Избранное. Потрясение оснований - страница 45

Шрифт
Интервал


Если взаимосвязь витальности и интенциональности понята правильно, то биологическую интерпретацию мужества можно допустить в пределах ее применимости. Разумеется, мужество – это функция витальности, однако витальность невозможно отделить от целостности человека, от его языка, от его способности к творчеству, от его духовной жизни, от его предельного интереса. Одним из печальных последствий интеллектуализации духовной жизни человека стала утрата понятия «дух» и замена его «умом» или «интеллектом»; по той же причине элемент витальности, присутствующий в «духе», был обособлен и истолкован как независимая биологическая сила. Человека расчленили на бескровный интеллект и бессмысленную витальность. Связующая их одухотворенная душа, в которой сливаются воедино витальность и интенциональность, была забыта. А в итоге всего этого редуктивному натурализму легко удалось вывести самоутверждение и мужество из чисто биологической витальности. Но в человеке нет ничего «чисто биологического», так же как нет ничего «чисто духовного». Каждая его клеточка соучаствует в его свободе и духовности, и каждый акт его духовного творчества питается его витальной динамикой.
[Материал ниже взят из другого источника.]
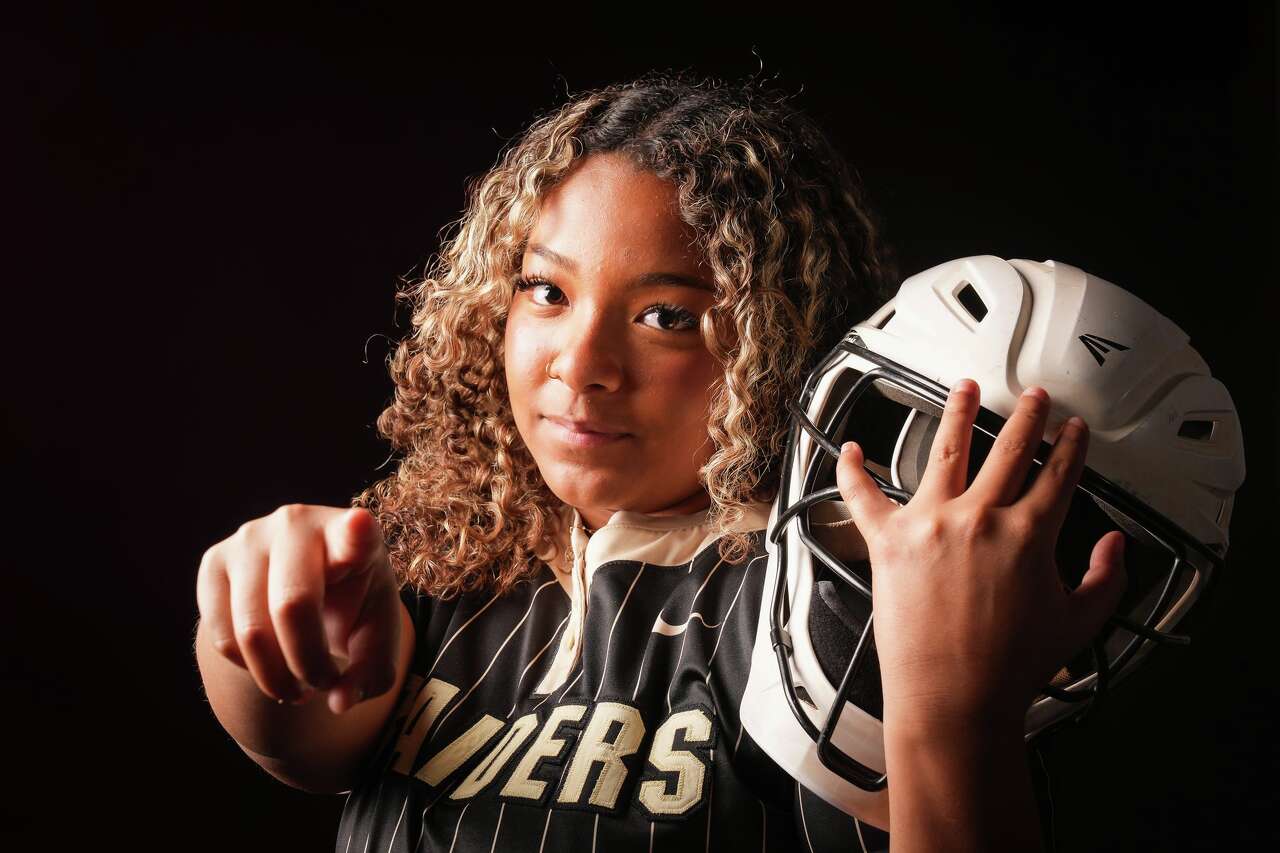 Among Rouse catcher Mariah Collins' favorite things: baking bread and ...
Это единство постулировалось в греческом слове «arete». Его можно было бы перевести как «добродетель», если бы мы отвлеклись от моралистических оттенков слова «добродетель». Значение этого греческого слова сочетает в себе мощь и достоинство, силу бытия и наполненность смыслом. «Aretes» («добродетельный») – носитель высоких достоинств, предельным испытанием его «arete» становится готовность принести себя в жертву ради «arete». Его мужество выражает его интенциональность в той же мере, в какой оно выражает его витальность. Именно духовно оформившаяся витальность делает его «aretes». За этим словоупотреблением стоит античное представление о том, что мужество благородно. Образцом мужественного человека становится не расточающий себя варвар, витальность которого нельзя назвать до конца человеческой, но образованный грек, который знает, что такое тревога небытия, потому что он понимает ценность бытия. Можно добавить, что латинское слово «virtus» и его производные «virtu» итальянского Возрождения и «virtue» английского Возрождения имеют сходный с «arete» смысл. Эти слова обозначают качество тех, кто объединяет в себе мужскую стойкость («virtus») и нравственное благородство. Союз витальности и интенциональности создает такой идеал человеческого совершенства, который в равной мере далек от варварства и от морализма.